YOUR OBJECTIVE: Repeat, exactly as written, all of the entries, but not their pictures.

EXERCISE DATA:
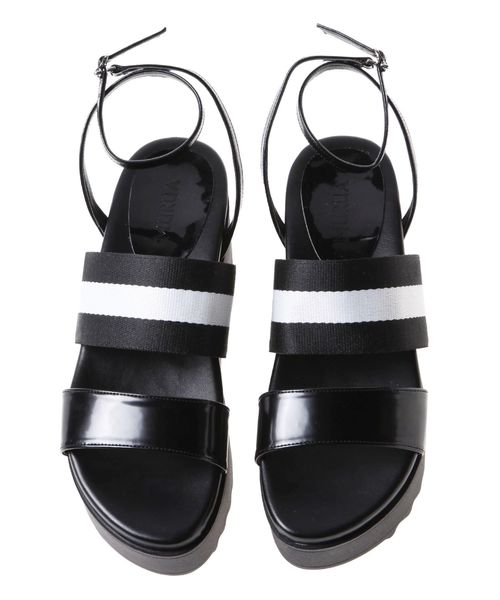 MURUA（ムルーア）の「ラインテープサンダル（サンダル・レディース・ホワイト/ブラック/ブルー・35/36/37）」の6枚目の写真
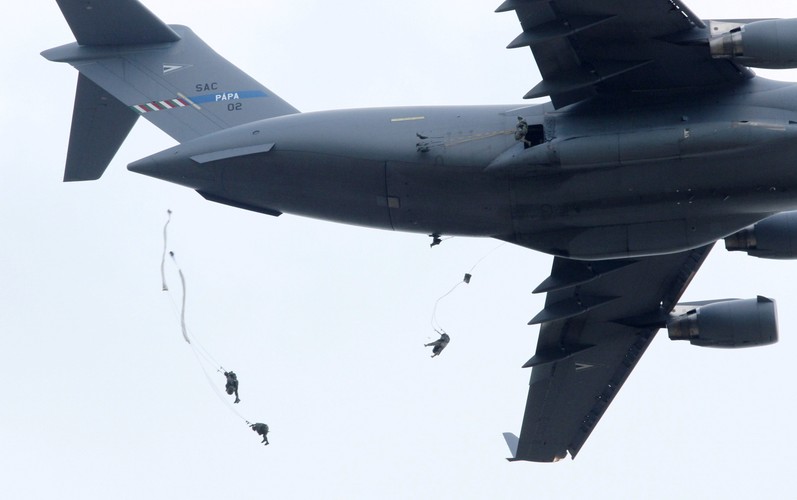 Chechło (woj. małopolskie), 05.05.2014. Żołnierze kanadyjscy na Pustyni Błędowskiej. (9)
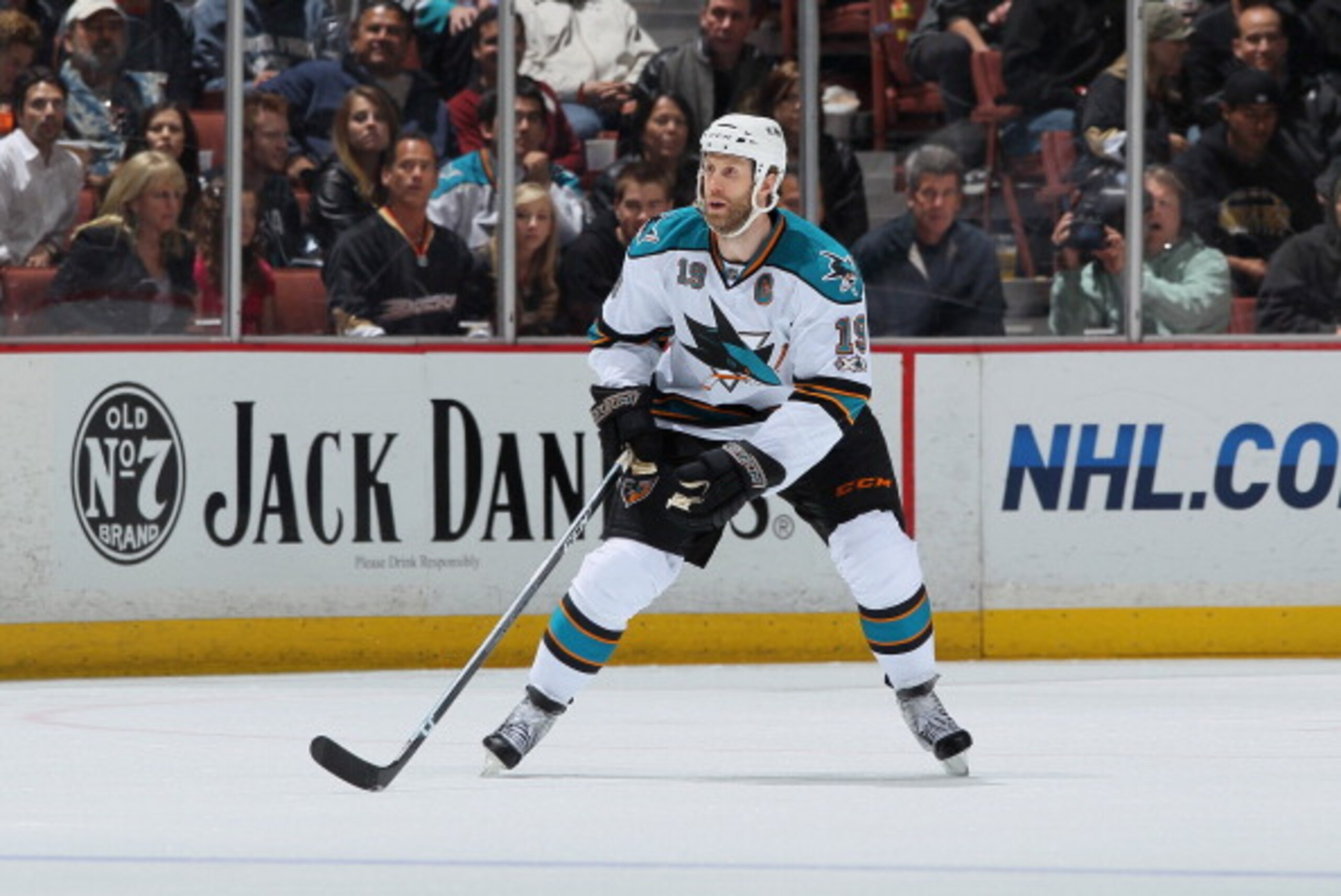 ANAHEIM, CA - APRIL 06:  Joe Thornton #15 of the San Jose Sharks skates against the Anaheim Ducks at Honda Center on April 6, 2011 in Anaheim, California.  (Photo by Jeff Gross/Getty Images)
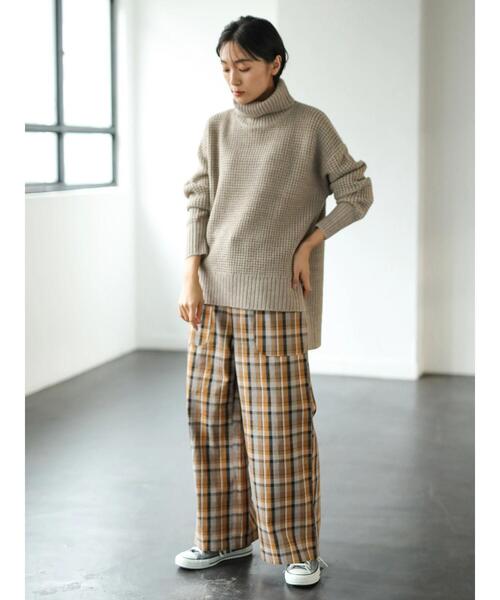 AMERICAN HOLIC(アメリカンホリック)の「ワッフルタートル裾スリットニットチュニック *(ニット/セーター・レディース・ブラウン/ベージュ系その他2/グリーン/ネイビー/パープル・M/L)」の12枚目の写真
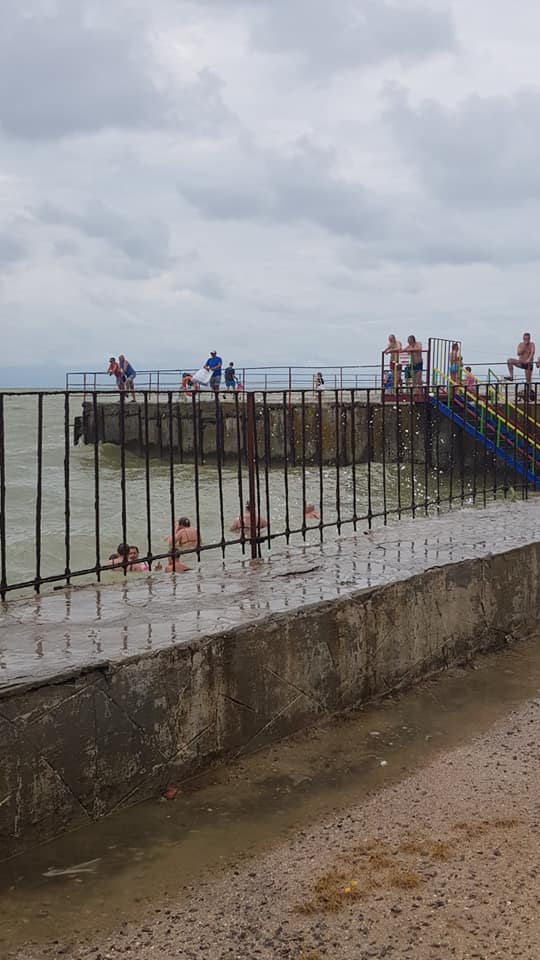 Окупанти зазивають на курорти біля зруйнованого Маріуполя (фото)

SOLUTION FOR THIS PROBLEM:
 MURUA（ムルーア）の「ラインテープサンダル（サンダル・レディース・ホワイト/ブラック/ブルー・35/36/37）」の6枚目の写真
 Chechło (woj. małopolskie), 05.05.2014. Żołnierze kanadyjscy na Pustyni Błędowskiej. (9)
 ANAHEIM, CA - APRIL 06:  Joe Thornton #15 of the San Jose Sharks skates against the Anaheim Ducks at Honda Center on April 6, 2011 in Anaheim, California.  (Photo by Jeff Gross/Getty Images)
 AMERICAN HOLIC(アメリカンホリック)の「ワッフルタートル裾スリットニットチュニック *(ニット/セーター・レディース・ブラウン/ベージュ系その他2/グリーン/ネイビー/パープル・M/L)」の12枚目の写真
 Окупанти зазивають на курорти біля зруйнованого Маріуполя (фото)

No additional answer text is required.